:: Task details ::
Your answer is to be the exact text of the lines from the one containing "3544 Waldrop Road Decatur - 24" through the final line of the entries, restated in full, with pictures omitted.

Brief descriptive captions
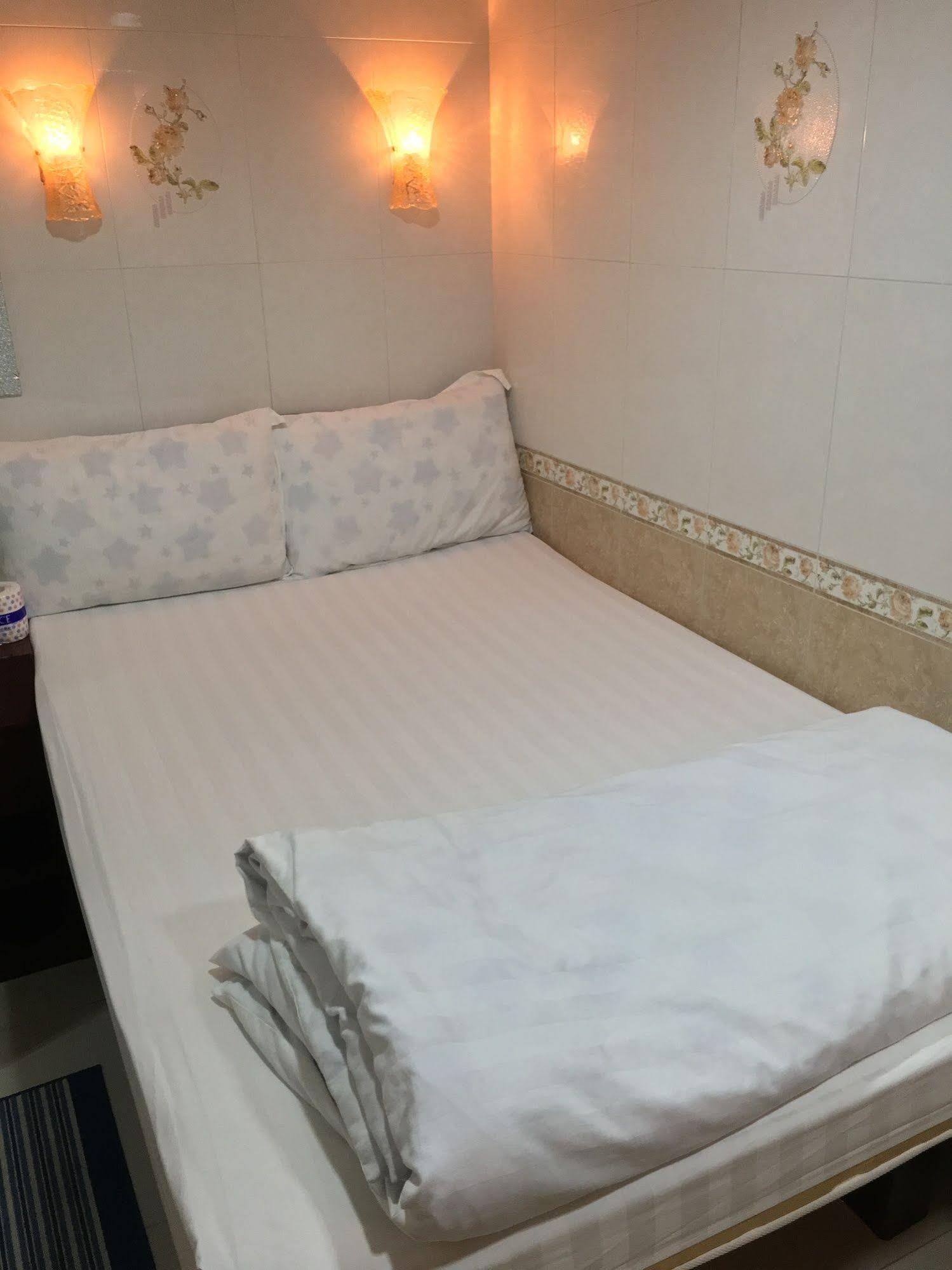 Everest Hostel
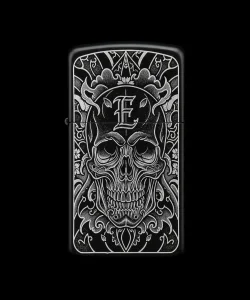 Benzinli Çakmak Kuru Kafa Figürlü E Harfli Tasarım - V58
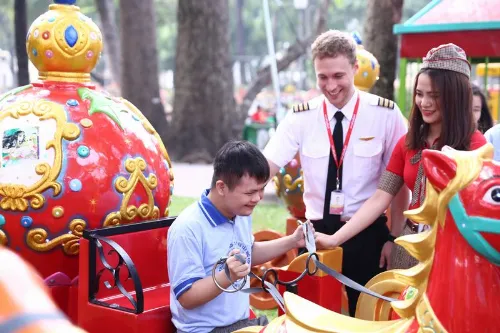 Được biết, Henri Finckenberg, người Phần Lan, là phi công của hãng hàng không Vietjet đã cùng các đồng nghiệp của mình tự tay học và gói bánh tét dành tặng các em nhỏ cơ nhỡ, có hoàn cảnh khó khăn tại Trung tâm Bảo trợ Trẻ tàn tật mồ côi Thị Nghè (TPHCM). Dù có vợ là người Việt Nam nhưng đây là lần đầu tiên Henri Finckenberg tự học và gói món bánh tét ngày Tết đặc trưng của người Nam bộ. Henri tiết lộ anh đã có một bé gái dễ thương, kháu khỉnh. Không chỉ học gói bánh, Henri rất hứng thú tìm hiểu văn hóa Việt Nam, đặc biệt là văn hóa Tết. Chàng phi công điển trai, rất yêu trẻ con này còn cùng các thầy cô của Trung tâm đã đưa các em nhỏ đến vui chơi, đón tết tại hội xuân Tao Đàn. Nét dễ thương, thân thiện của anh chàng ngay lập tức gây chú ý với nhiều du khách tại đây. Phi công Henri luôn được các em nhỏ rất mực yêu mến Henri cùng các đồng nghiệp đã có khoảng thời gian vui vẻ và ý nghĩa bên cạnh những hoàn cảnh kém may mắn khi những ngày Tết đang đến thật gần. “Tôi luôn mong rằng mọi trẻ em trên thế giới đều được quan tâm, chăm sóc, được học hành và có một tương lai tốt đẹp”, phi công Henri xúc động chia sẻ. Được biết, Henri Finckenberg, người Phần Lan, là phi công của hãng hàng không Vietjet đã cùng các đồng nghiệp của mình tự tay học và gói bánh tét dành tặng các em nhỏ cơ nhỡ, có hoàn cảnh khó khăn tại Trung tâm Bảo trợ Trẻ tàn tật mồ côi Thị Nghè (TPHCM). Dù có vợ là người Việt Nam nhưng đây là lần đầu tiên Henri Finckenberg tự học và gói món bánh tét ngày Tết đặc trưng của người Nam bộ. Henri tiết lộ anh đã có một bé gái dễ thương, kháu khỉnh. Không chỉ học gói bánh, Henri rất hứng thú tìm hiểu văn hóa Việt Nam, đặc biệt là văn hóa Tết. Chàng phi công điển trai, rất yêu trẻ con này còn cùng các thầy cô của Trung tâm đã đưa các em nhỏ đến vui chơi, đón tết tại hội xuân Tao Đàn. Nét dễ thương, thân thiện của anh chàng ngay lập tức gây chú ý với nhiều du khách tại đây. Phi công Henri luôn được các em nhỏ rất mực yêu mến Henri cùng các đồng nghiệp đã có khoảng thời gian vui vẻ và ý nghĩa bên cạnh những hoàn cảnh kém may mắn khi những ngày Tết đang đến thật gần. “Tôi luôn mong rằng mọi trẻ em trên thế giới đều được quan tâm, chăm sóc, được học hành và có một tương lai tốt đẹp”, phi công Henri xúc động chia sẻ.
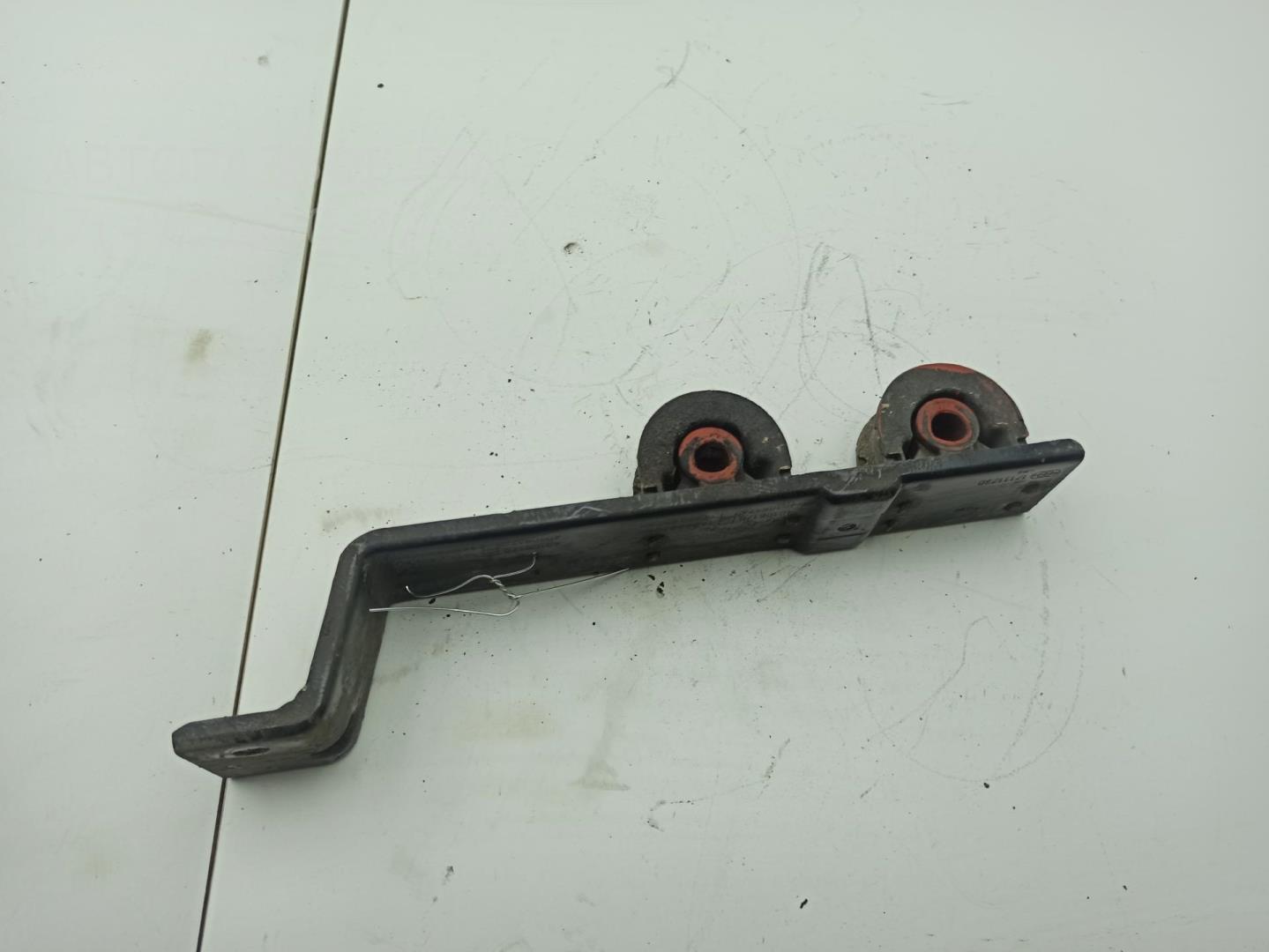 Кронштейн ГУР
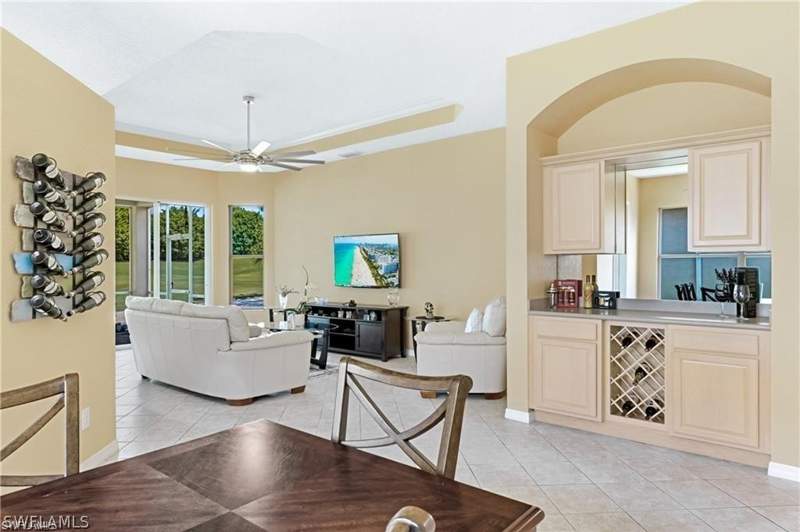 2 bedroom SingleFamilyResidence at 349 Harvard Ln, Oxford Village, Naples — photo 4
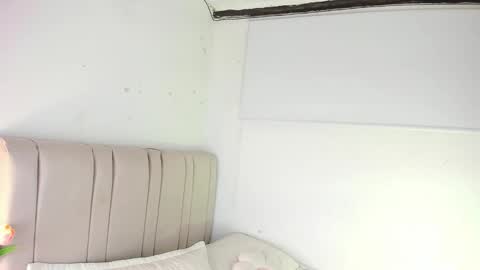 Hila online show from February 25, 2026, 11:25 pm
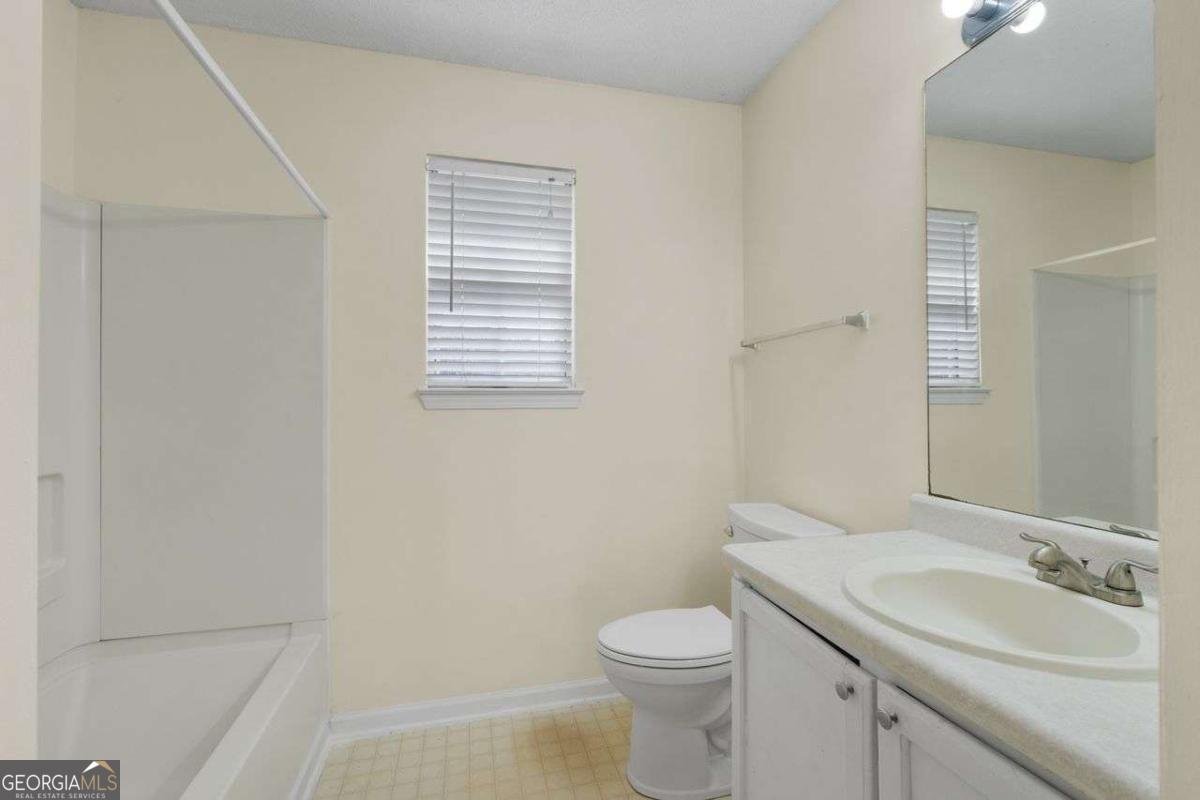 3544 Waldrop Road Decatur - 24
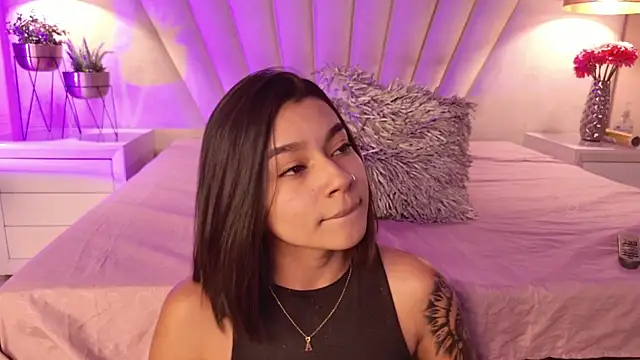 AlyssaRay online show from January 16, 2026, 7:29 pm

:: Result ::
 3544 Waldrop Road Decatur - 24
 AlyssaRay online show from January 16, 2026, 7:29 pm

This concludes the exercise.